Para que te des cuenta de mi abstracción: no escuché el primer grito de los policías, al otro lado de la barda. Tras el segundo, me asomé por la ventana y los vi. Salí. Que los trae por aquí, oficiales, pregunté sin ánimos. Uno era más alto y más gordo que el otro. Este se llamaba Alfredo. El otro Ignacio. Venimos a sobre el hallazgo de dos cadáveres en las cercanías de su casa. Dos niños. Miré los faroles de la calle, esos faroles que de milagro aun dan luz y les respondí que de seguro eran mis niños. Los invité a pasar y, después de, con mi hospitalidad, ofrecerles algo, les confesé a medias sobre ti. Alfredo me preguntó por que no había denunciado y, aunque dentro sabía que era un impulso a la justicia por propia mano, le dije que consideraba a mis niños lo suficientemente inteligentes para esperar su regreso. Los dos se miraron y luego Ignacio dijo: pero no eran perros señor. Eran niños, no saben nada del mundo. Les puse mis mejores ojos de desasosiego y pasaron a explicarme el estado de los cuerpos. ¿De dónde sacaste tanta furia? ¿Y por qué la agarraste contra los pobres niños? Eres inhumano. Después dijeron que levantarían una declaración e iniciarían una investigación; les agradecí, no puedo negarlo, pero cuando abandonaron mi casa, regresándome el silencio a ella, supe que me creían loco.

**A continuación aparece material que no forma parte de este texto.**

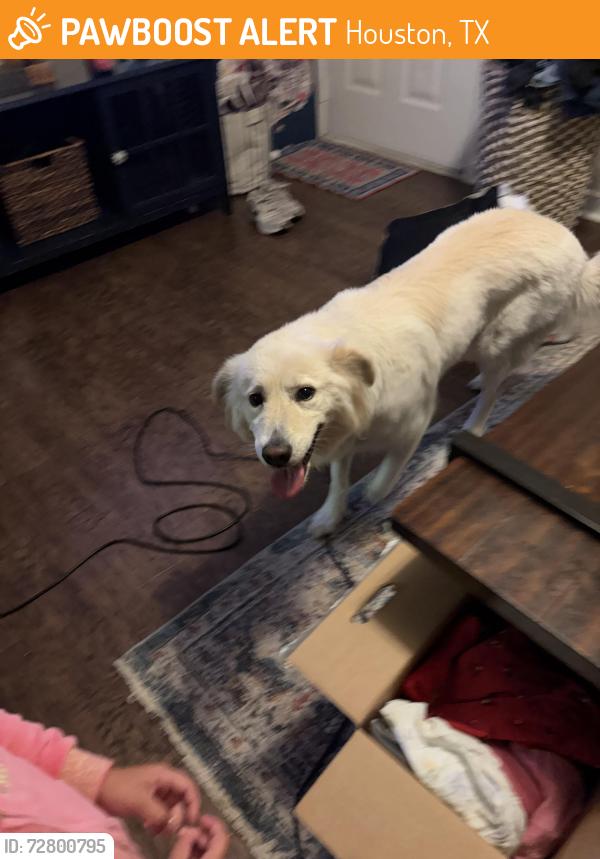 Found/Stray Unknown Dog last seen Roan dr , Houston, TX 77065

¿Eso no me involucraría a mí como sospechoso? ¿Pero por que querría matar a mis propios niños? Ni un segundo dudé de mi cordura, tenía una prueba concisa: yo estaba leyendo cuando desapareció Arnold, no fui el ultimo en verlo como con Myriam. Pero, ¿la policía me creería? ¿No sería ese el objetivo de tu torcido juego?
En el desayuno Elena me comentó que durante la noche escuchó voces y les conté sobre la policía. A mis niños nunca les ocultaba nada. Los tres agacharon la mirada y por un momento dejaron su comida; no los culpé por que yo mismo llevaba rato jugando con los cubiertos. Les comenté que el camino tenía muchas curvas feas ya, y que no encontraba que hacer. Santiago me dijo que no me preocupara, que el sabía que todo iba a estar bien. Elena me sonrió y agarró la mano. Samuel, por otro lado, comentó que mientras estuviéramos en la casa, ese lugar desde donde ellos podían visitar el mundo, no habría problemas.
Pobre Samuel, ojalá no se hubiera equivocado. ¿Por qué, tambien, tuviste que ir por él?